__Source information__
● ● ● ● ●
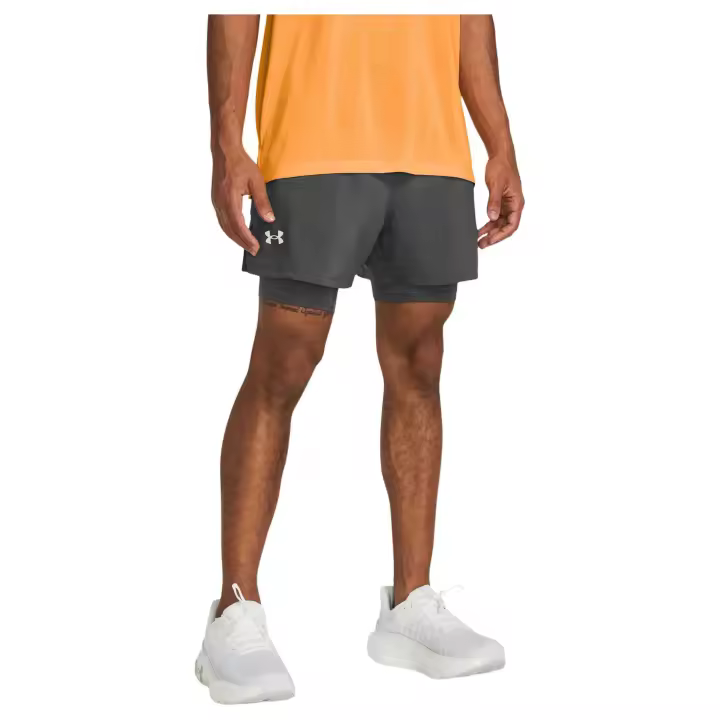 Pantalon Corto Under Armour Launch 5'' 2-In-1 para hombre en color gris - 1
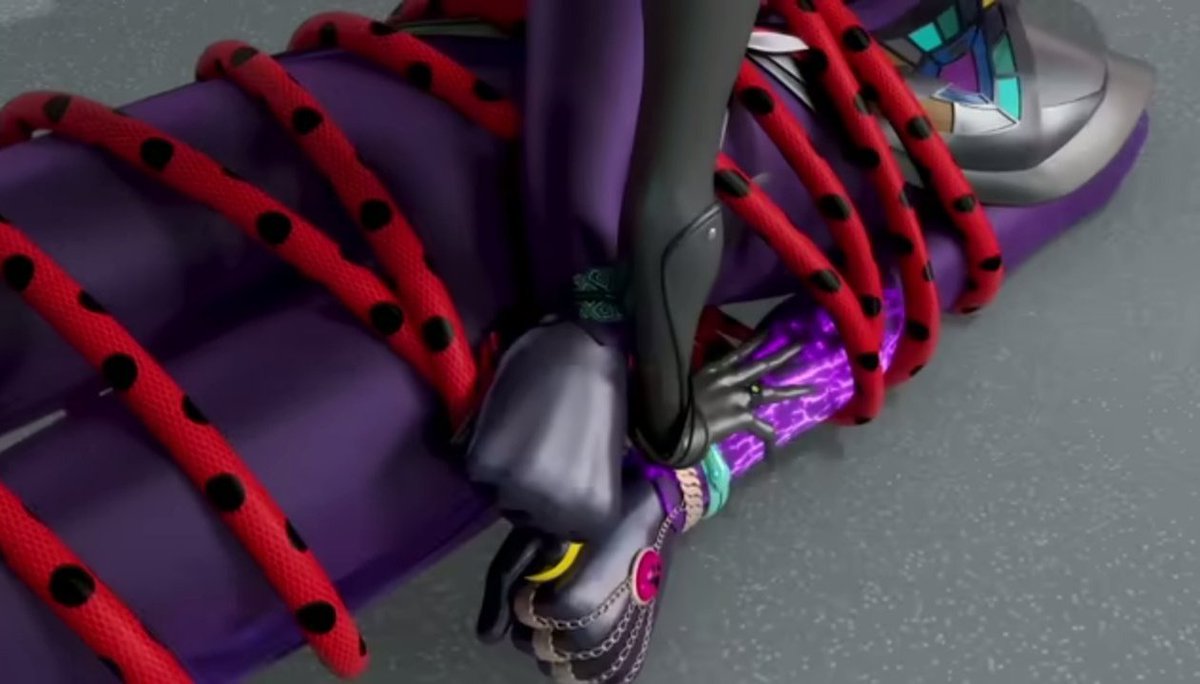 GuessanSam23971's tweet photo. C'est sûr que mes créateurs ont représenté cette scène exprès 
En tous cas j'adore ce qu'ils ont fait 
#MiraculousSeason6 #MLBS6Spoilers #MLBS6Leaks #mlbtwt #MiraculousNews https://t.co/N0lCcMPWE1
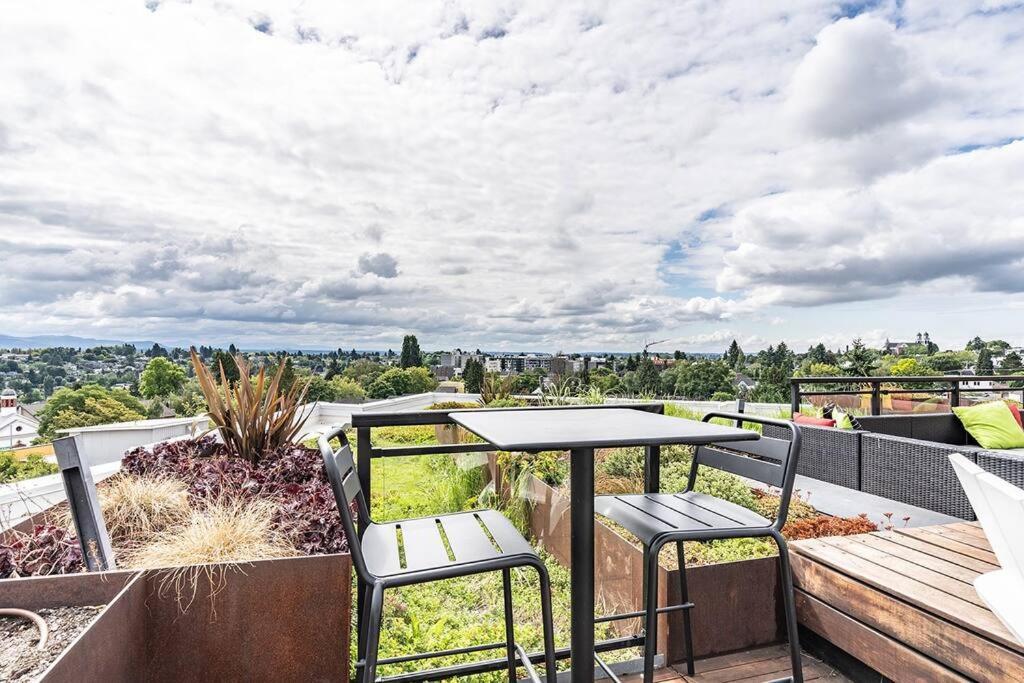 One Bedroom Luxury * Seattle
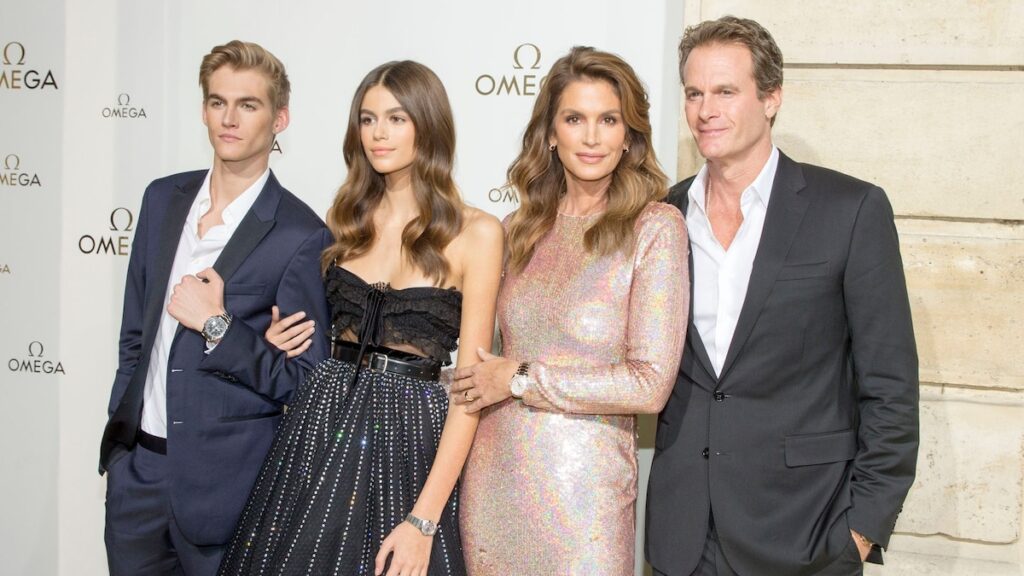 Kaia y Presley Gerber se abren sobre el crecimiento con la famosa madre Cindy Crawford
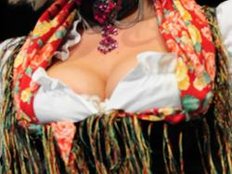 Dirndl Trends 2009: wundervoll & weiblich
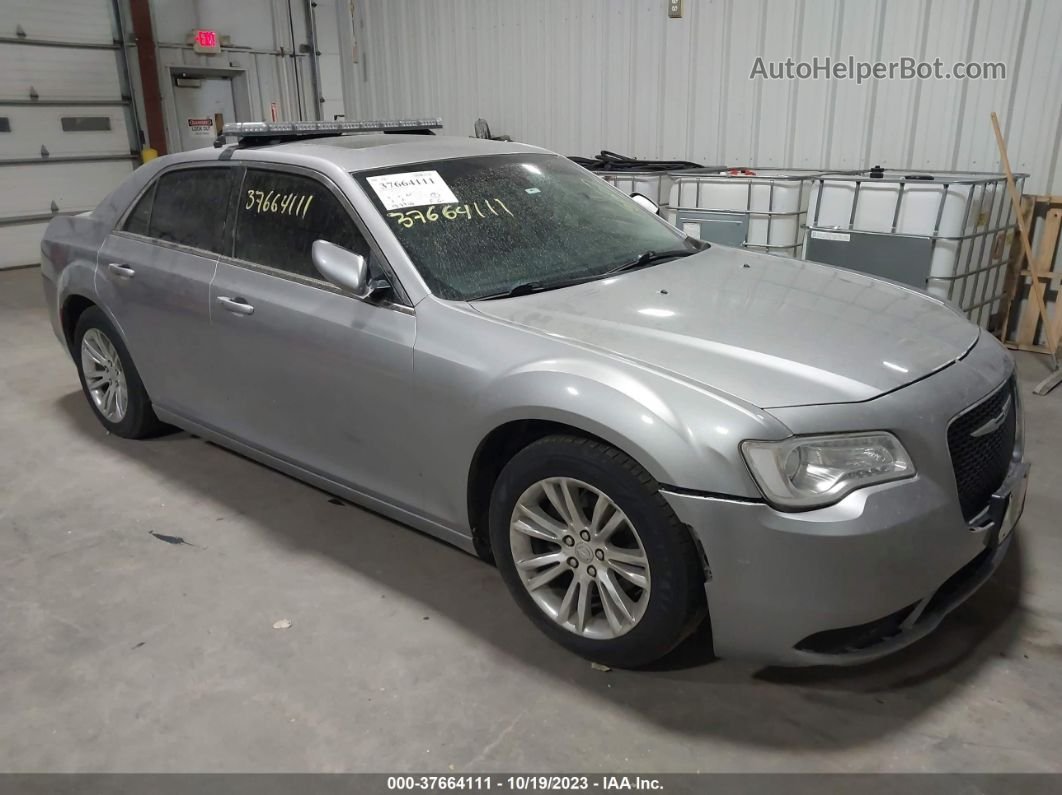 2017 Chrysler 300 Limited Silver vin: 2C3CCAAG2HH588050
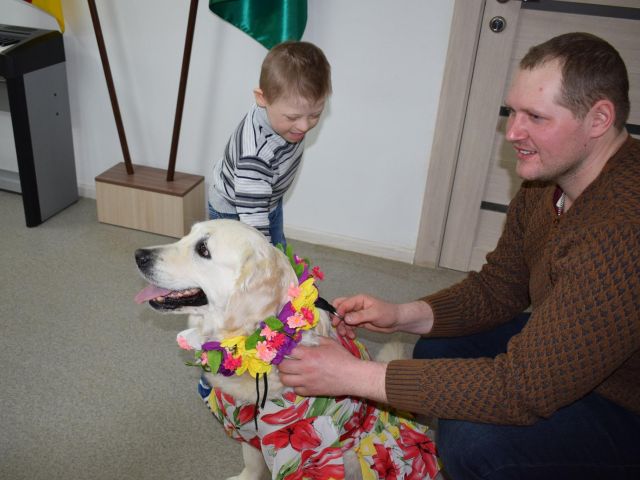 "Уроки доброты" и собак-терапевтов от Центра обращения с животными принимал центр "Семья"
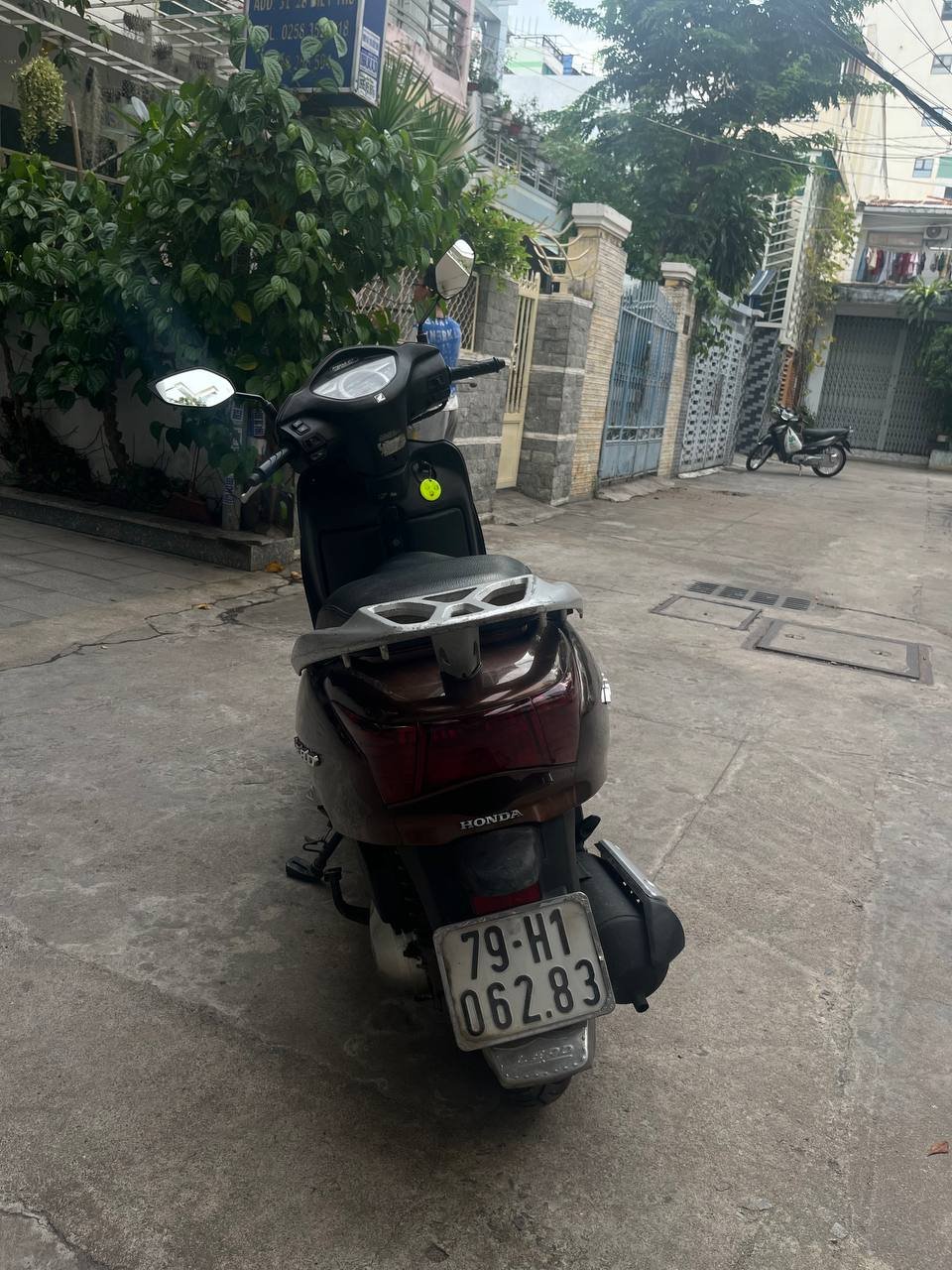 Honda Lead 110 2011 скутер — Нячанг, Вьетнам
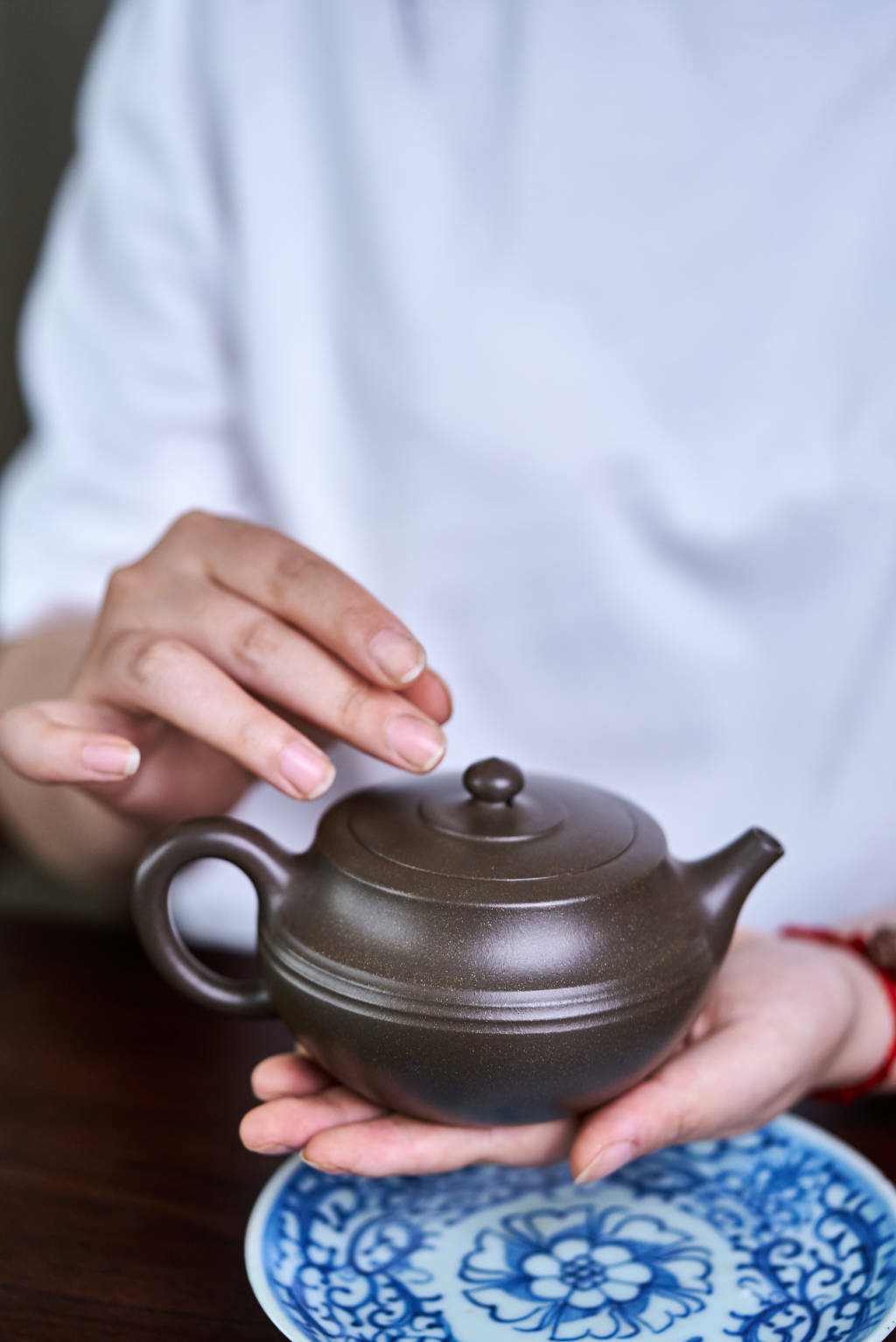 【古陶時光】-- 泥色清麗古樸，造型簡約大方。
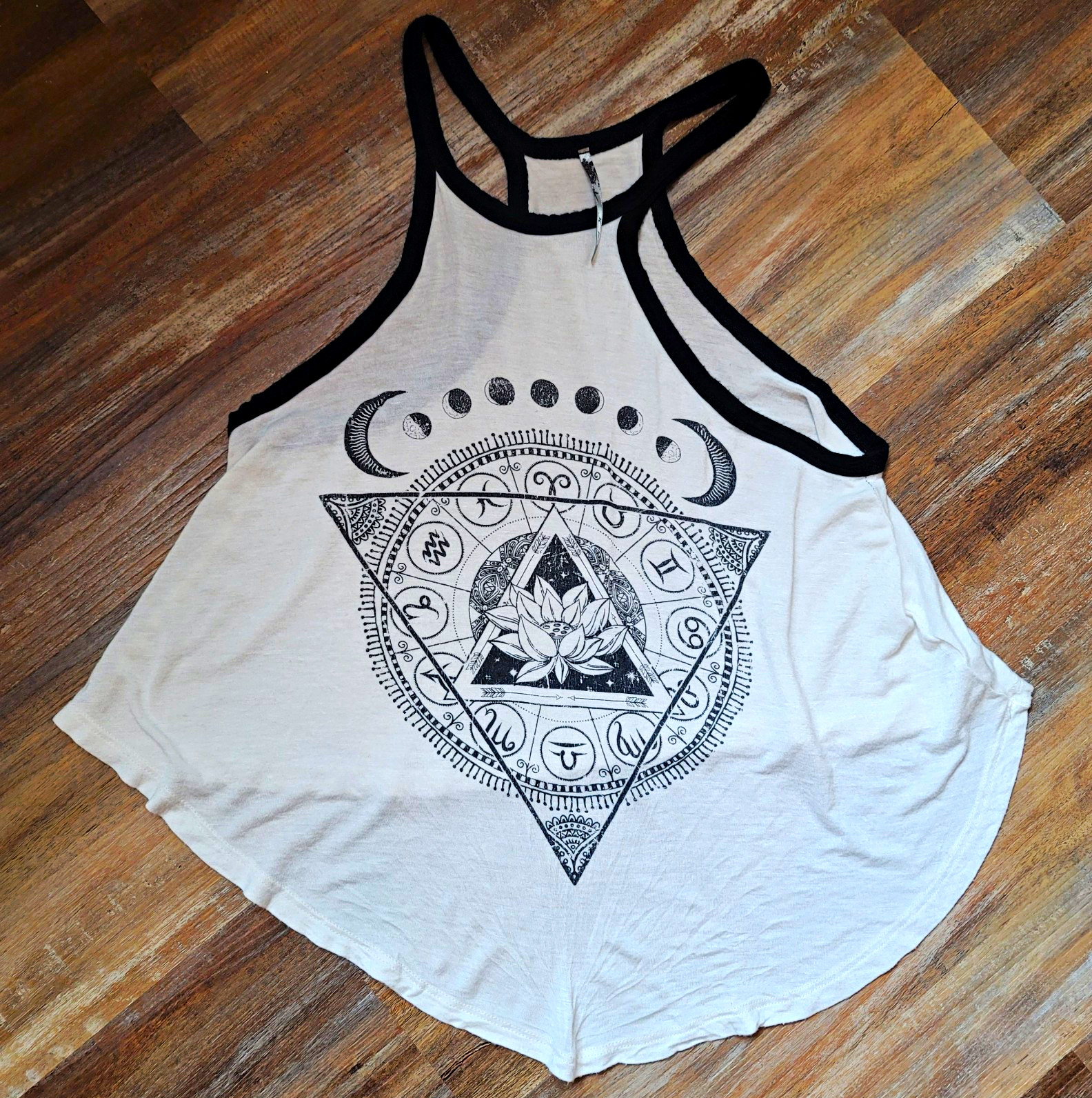 JC Fash, Inc Moonphase Halter Neck Racerback Graphic Print Tank Top M (B1)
● ● ● ● ●
__What the task requires__
Return the line containing "и собак-терапевтов от" and every line after it through the end of the records above, exactly and nothing else, but not the pictures.

__Reply to the task__
 "Уроки доброты" и собак-терапевтов от Центра обращения с животными принимал центр "Семья"
 Honda Lead 110 2011 скутер — Нячанг, Вьетнам
 【古陶時光】-- 泥色清麗古樸，造型簡約大方。
 JC Fash, Inc Moonphase Halter Neck Racerback Graphic Print Tank Top M (B1)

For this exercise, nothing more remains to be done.